YOUR GOAL: Leave out the pictures, and copy exactly the lines from the line with "Çanakkale'de tefecilik ve" through the last line of the data below.
EXTRACTED ENTRIES START
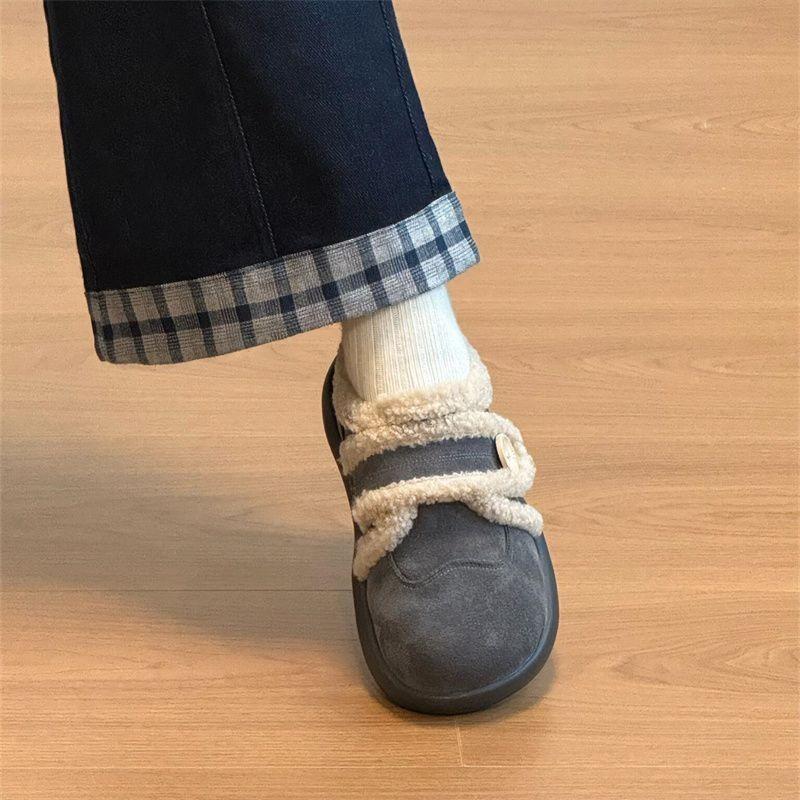 У Чжао Рут такие же белые велюровые хлопковые сандалии Birkenstock для женщин, а также новые пушистые теплые и нескользящие зимние ботинки для женщин.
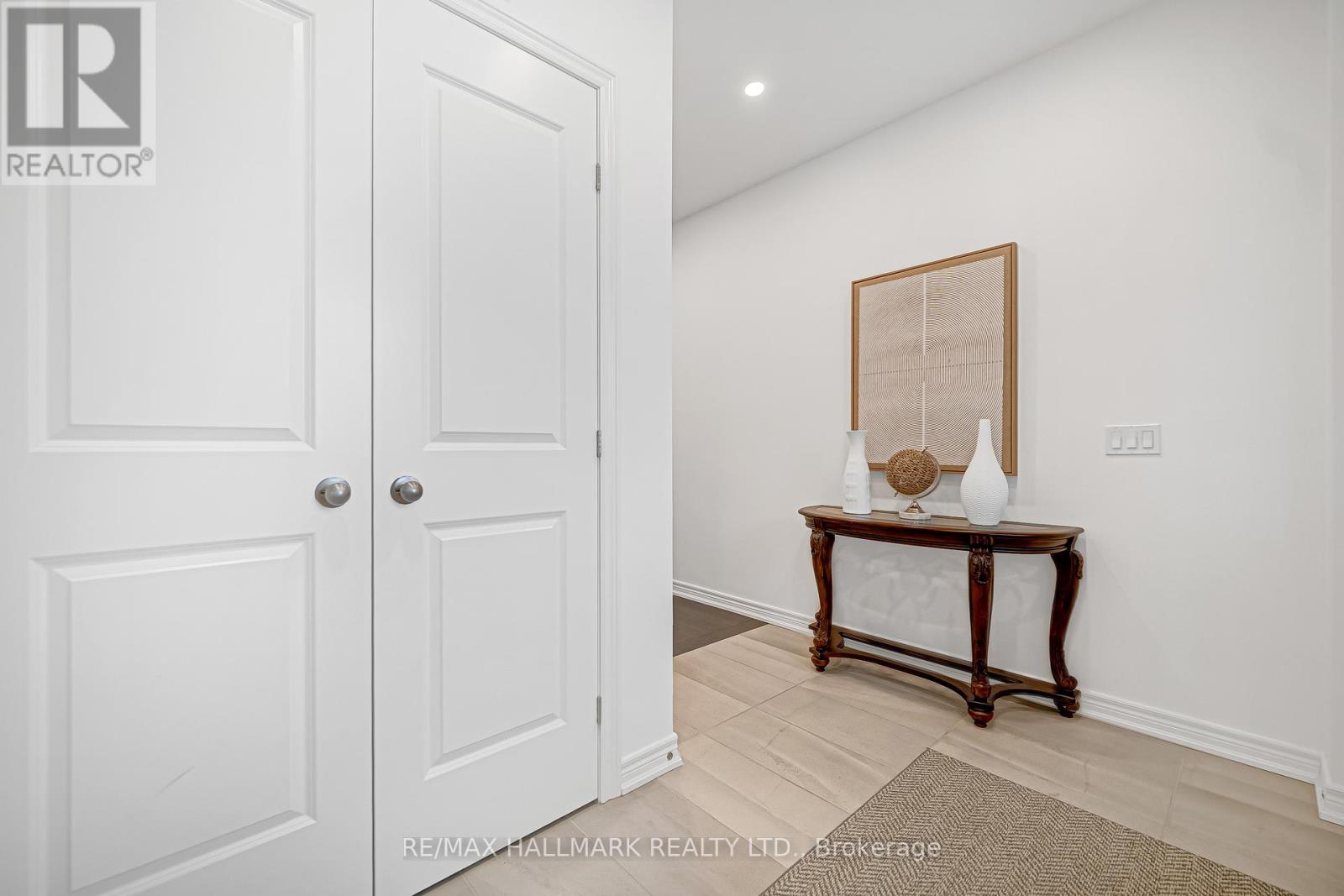 38 Richard Boyd Drive, East Gwillimbury, Ontario  L9N 0S6 - Photo 5 - N12828252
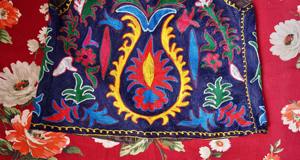 Chaleco tradicional afgano para hombre en azul marino intenso con detalles de espejo plateado y flecos de monedas, chaleco tribal Kuchi para uso cultural. - Product Image 4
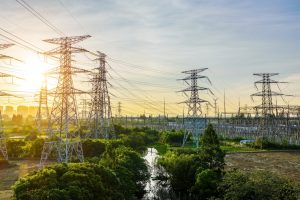 Apagaron la central eléctrica de forma remota durante 4 días. Los iraníes están jugando a los piratas informáticos.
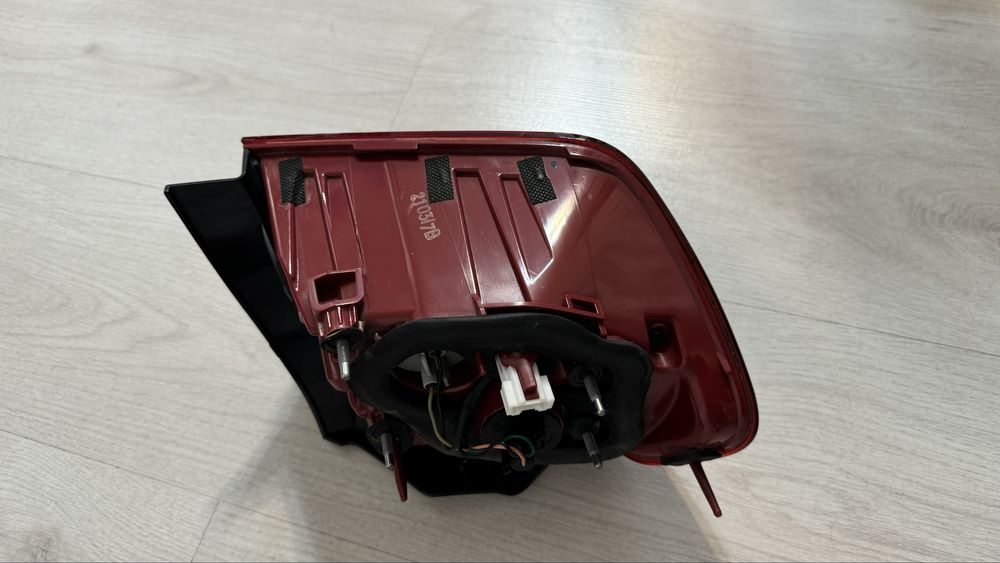 Задний фонарь для Киа К5 продаю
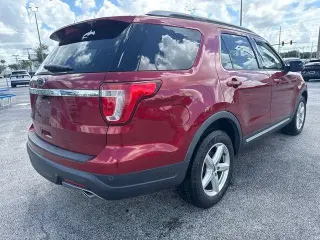 Ford Explorer 2018 XLT 4 SUV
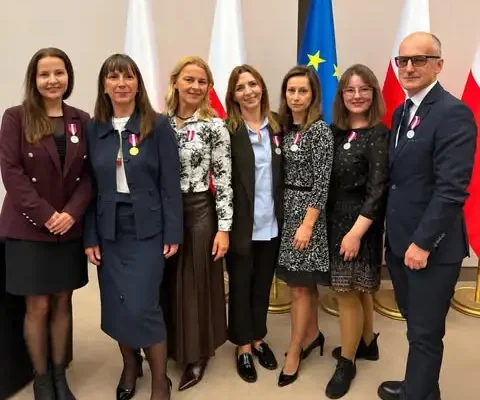 Nauczyciele z powiatu strzeleckiego nagrodzeni podczas wojewódzkiej uroczystości Dnia Edukacji Narodowej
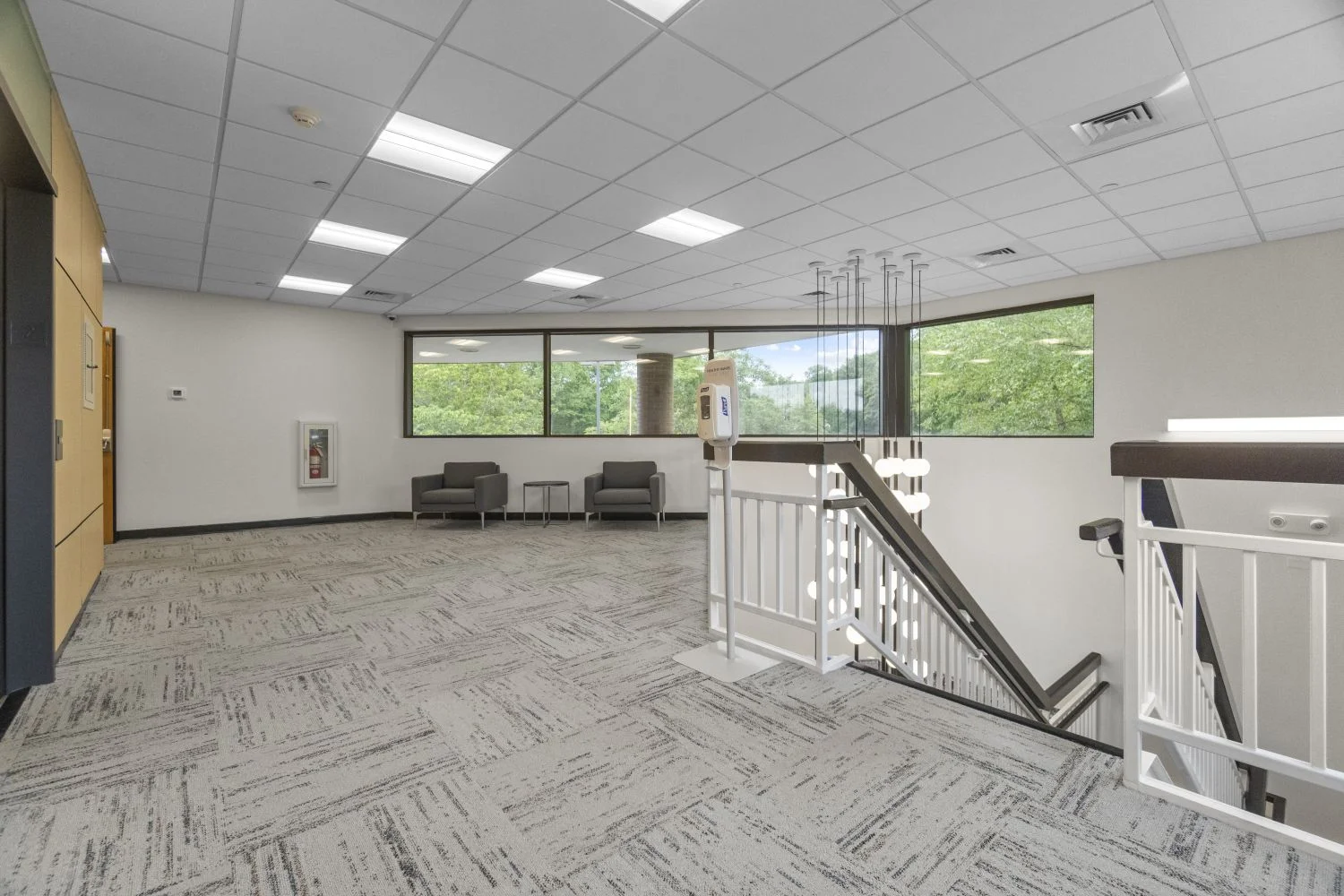 15 Corporate Dr   70 2nd Fl 2.webp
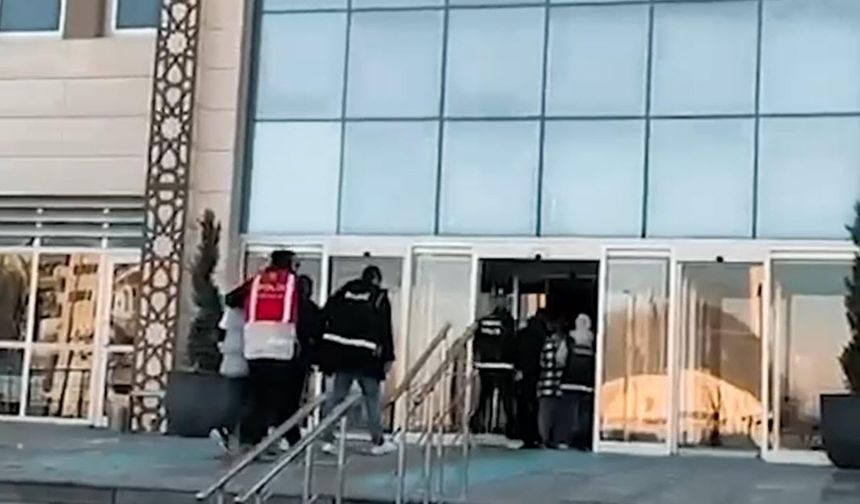 Çanakkale'de tefecilik ve uyuşturucu operasyonuna 2 tutuklama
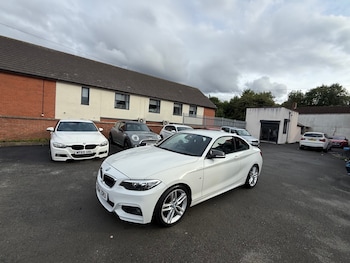 Used BMW 2 Series 2015 for sale - 75530300: Photo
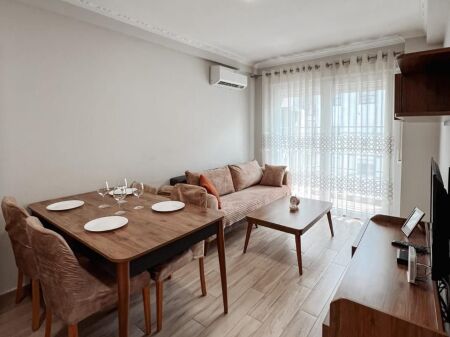 Medreseja, jepet me qira super apartment 1+1! 500 Euro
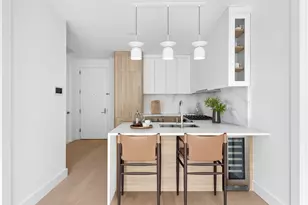184 Hawthorne St, New York City, NY 11225 - Photo 3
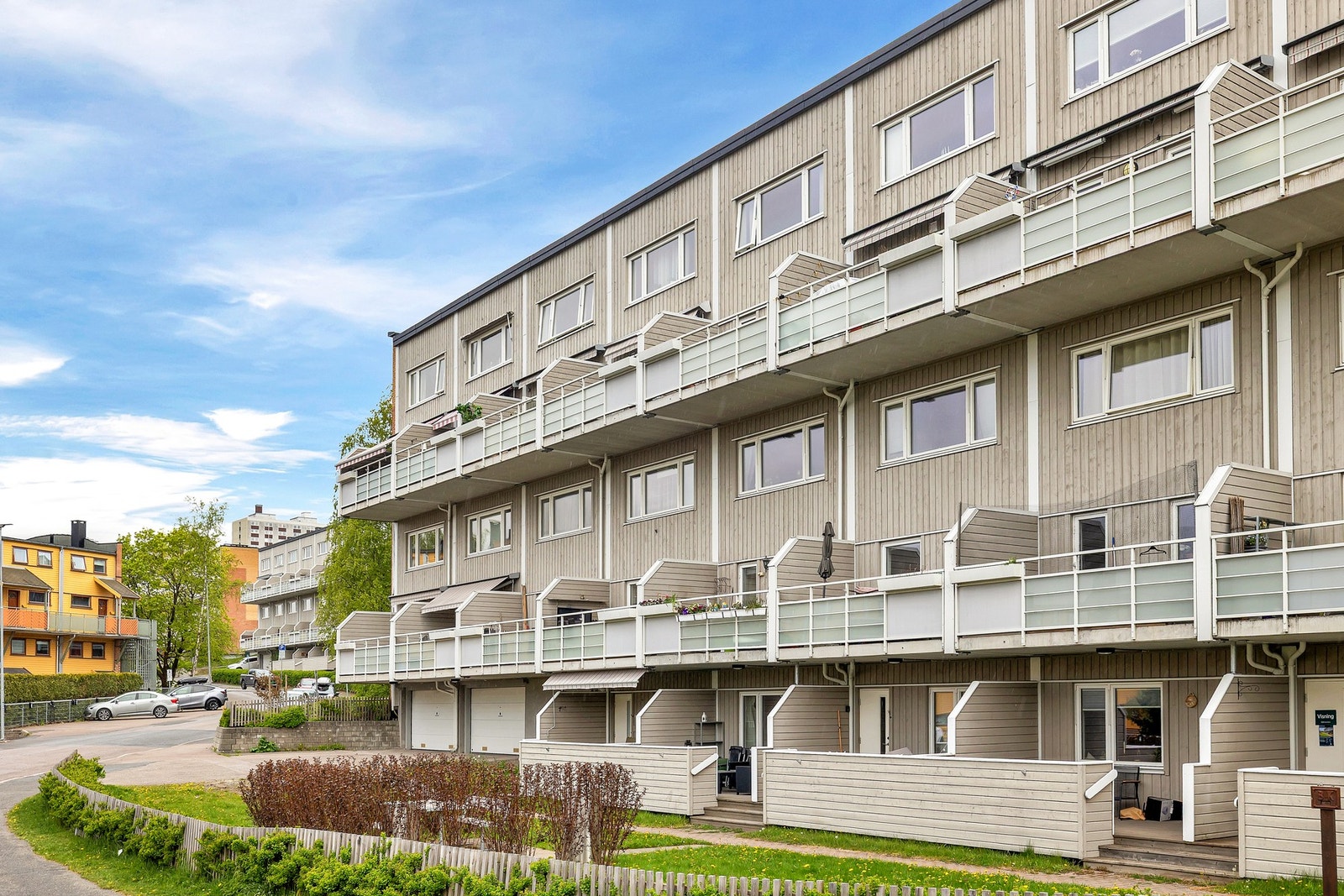 Fasaderehabilitering er gjennomført flere ganger siden byggeår, sist i 2013. Galleribilde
EXTRACTED ENTRIES END
EXERCISE RESPONSE:
 Çanakkale'de tefecilik ve uyuşturucu operasyonuna 2 tutuklama
 Used BMW 2 Series 2015 for sale - 75530300: Photo
 Medreseja, jepet me qira super apartment 1+1! 500 Euro
184 Hawthorne St, New York City, NY 11225 - Photo 3
 Fasaderehabilitering er gjennomført flere ganger siden byggeår, sist i 2013. Galleribilde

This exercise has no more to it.